_Provided information_:
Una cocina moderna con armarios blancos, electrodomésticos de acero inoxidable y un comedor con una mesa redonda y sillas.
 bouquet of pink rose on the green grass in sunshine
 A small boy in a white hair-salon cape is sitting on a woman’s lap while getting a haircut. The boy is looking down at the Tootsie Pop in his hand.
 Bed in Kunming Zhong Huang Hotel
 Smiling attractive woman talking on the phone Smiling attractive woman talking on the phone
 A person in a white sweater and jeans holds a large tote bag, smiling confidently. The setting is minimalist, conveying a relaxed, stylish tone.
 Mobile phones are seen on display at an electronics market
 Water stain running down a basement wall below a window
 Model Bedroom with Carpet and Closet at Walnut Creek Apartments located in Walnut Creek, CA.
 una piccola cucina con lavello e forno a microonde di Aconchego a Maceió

_Work required_: Reproduce exactly the line containing "Bed in Kunming Zhong Huang Hotel" and every line after it through the end of the records above, and nothing else.

_Answer section_:
 Bed in Kunming Zhong Huang Hotel
 Smiling attractive woman talking on the phone Smiling attractive woman talking on the phone
 A person in a white sweater and jeans holds a large tote bag, smiling confidently. The setting is minimalist, conveying a relaxed, stylish tone.
 Mobile phones are seen on display at an electronics market
 Water stain running down a basement wall below a window
 Model Bedroom with Carpet and Closet at Walnut Creek Apartments located in Walnut Creek, CA.
 una piccola cucina con lavello e forno a microonde di Aconchego a Maceió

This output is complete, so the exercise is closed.